#### WORK INSTRUCTIONS:
Every line below that includes the word "aluminium" needs to be copied.

#### DATA SUPPLIED:
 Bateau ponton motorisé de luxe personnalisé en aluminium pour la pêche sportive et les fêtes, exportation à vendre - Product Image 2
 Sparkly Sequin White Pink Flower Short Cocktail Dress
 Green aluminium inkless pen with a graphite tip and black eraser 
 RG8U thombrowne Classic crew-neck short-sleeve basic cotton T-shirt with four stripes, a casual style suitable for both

---

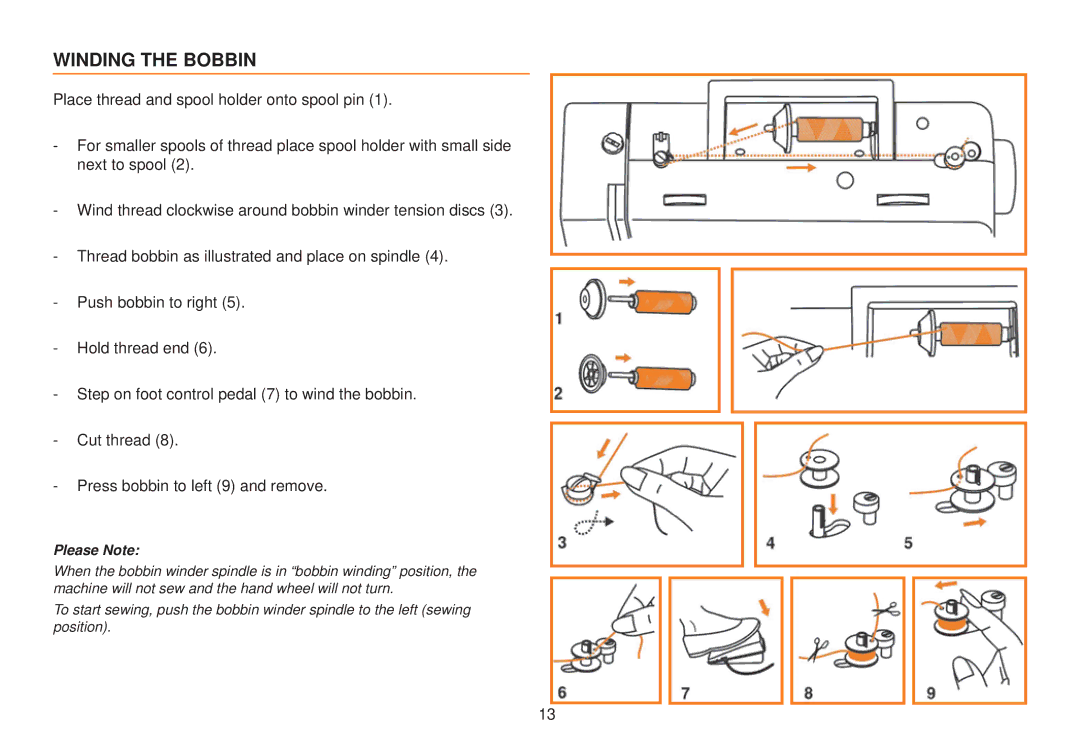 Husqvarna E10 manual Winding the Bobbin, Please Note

* * *

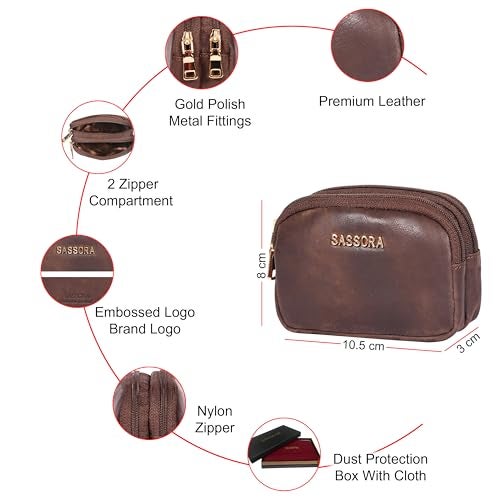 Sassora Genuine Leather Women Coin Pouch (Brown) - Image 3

#### SOLUTION FOR THIS TASK:
 Bateau ponton motorisé de luxe personnalisé en aluminium pour la pêche sportive et les fêtes, exportation à vendre - Product Image 2
 Green aluminium inkless pen with a graphite tip and black eraser 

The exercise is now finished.